Ein Song, der extra für sie geschrieben wurde, begann so: Quand j'débutais au music-hall, / ma taille tenait dans un faux-col. (wörtl.: Als ich anfing in der music-hall, passte meine Taille in den Kragen eines Männerhemdes), eine Aussage, die einige Galanterien zur Folge hatte, George Herriot z. B. bot ihr einen diamantbesetzten Gürtel, wenn sie diese Behauptung an seinem Hemdkragen wahr machen würde. Vor ihrem Auftritt im London Coliseum im Jahre 1915 stellte ihr Manager William Hammerstein eines ihrer 14-Zoll-Korsetts in einem Schaukasten in einer Ecke des Theaters aus und äußerte gegenüber der Presse, dass diese Taille ein Geschenk der Götter sei.

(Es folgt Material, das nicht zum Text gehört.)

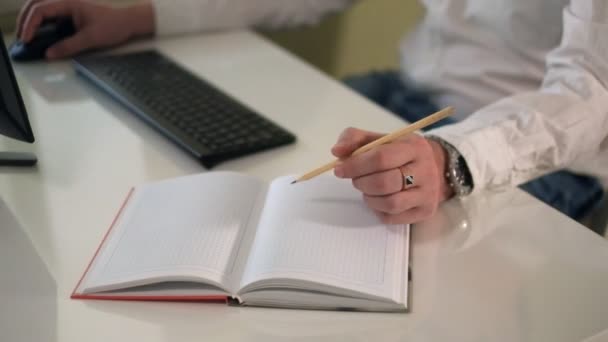 Επιχείρηση άνθρωπος που εργάζεται σε έναν υπολογιστή, καθιστώντας σημειώσεις σε ένα σημειωματάριο με ένα κοντινό πλάνο του στυλό — Αρχείο Βίντεο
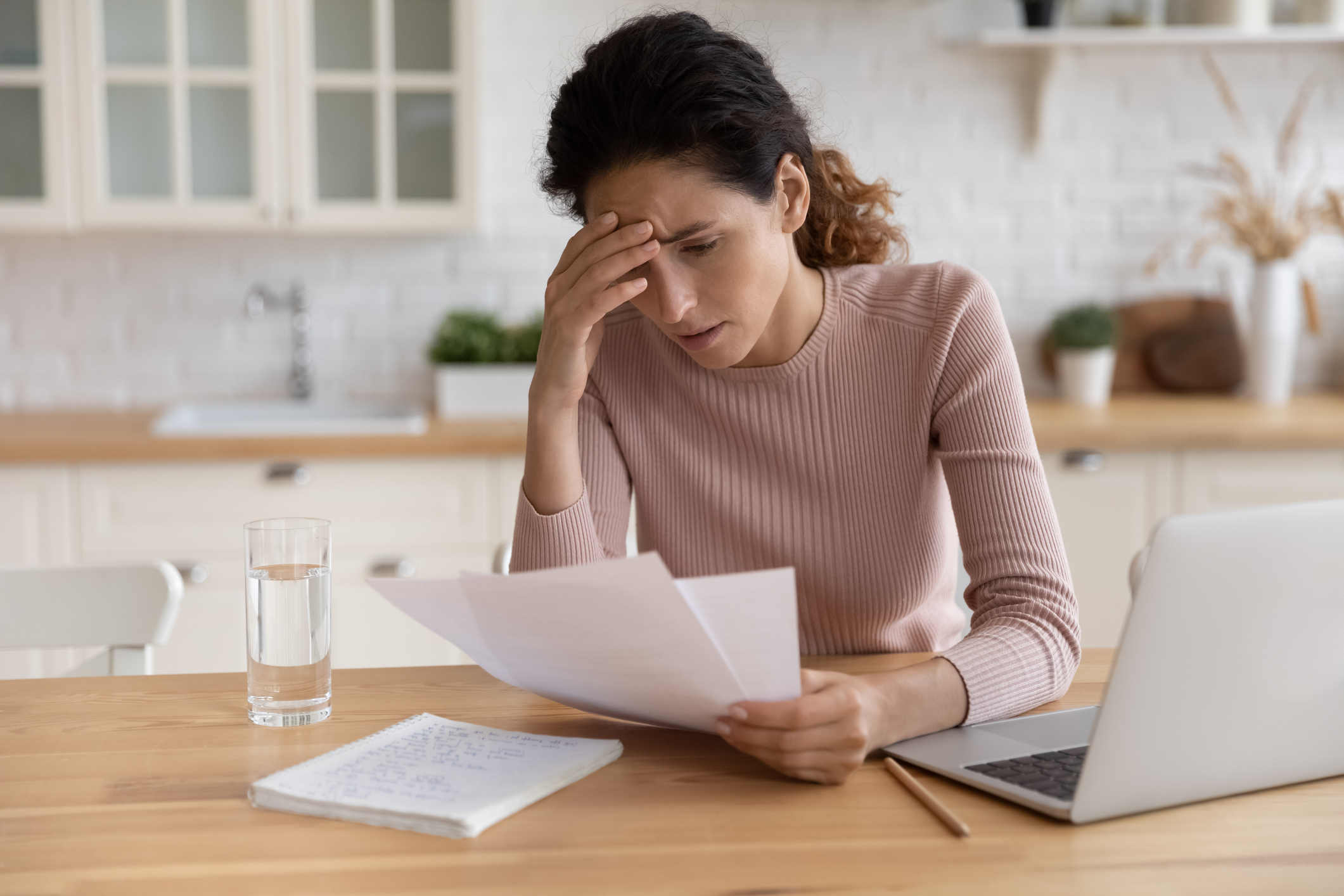 stressed millennial female think on bank notification about business bankruptcy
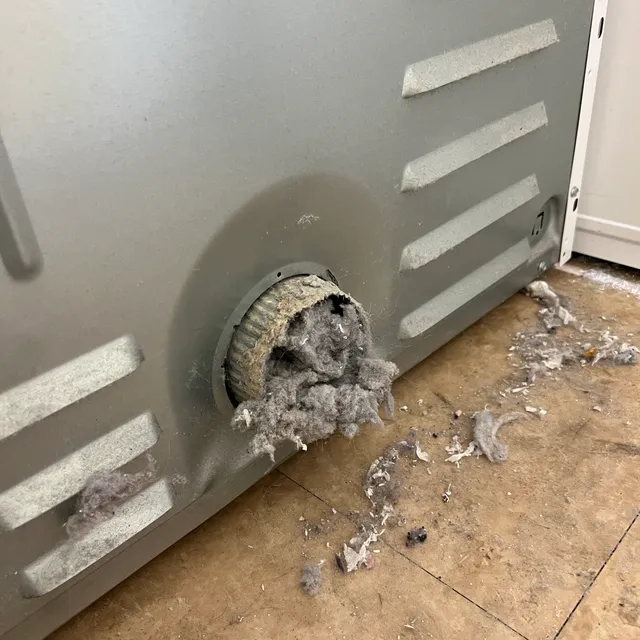 Lint backup at dryer exhaust path inside the machine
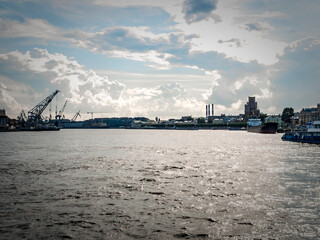 Dramatic river view with city skyline under stormy clouds. A pier extends into the water, featuring a crane boats. Moody lighting creates a striking scene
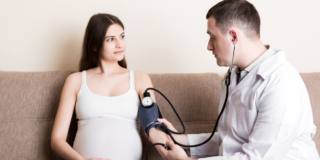 medico misura la pressione a donna con pre-eclampsia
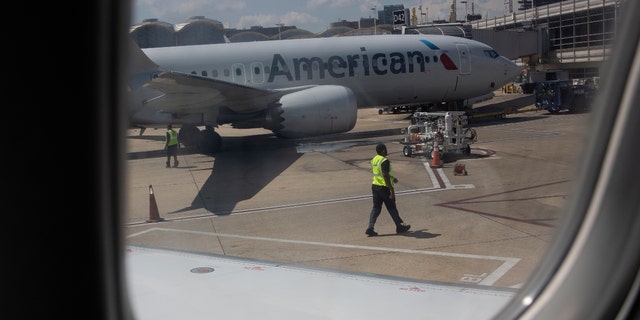 An American Airlines flight prepares to take off on August 30, 2022 at LaGuardia Airport in Queens, NY.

In ihrer Autobiographie (Polaire par elle même, 1933) schreibt sie, dass ihre Taille von Natur aus so schmal war, die weniger wespenähnliche Erscheinung auf den Fotos aus der Zeit, bevor ihre große Karriere begann, erklärt sie damit, dass sie sich ausgepolstert hatte, um menschenähnlicher auszusehen.
Am 22. Januar 1902 gab sie im Théâtre des Bouffes-Parisiens als Schauspielerin ihr Debüt und feierte mit ihrer Interpretation der Claudine im Stück Claudine à Paris ihrer Freundin Colette große Erfolge.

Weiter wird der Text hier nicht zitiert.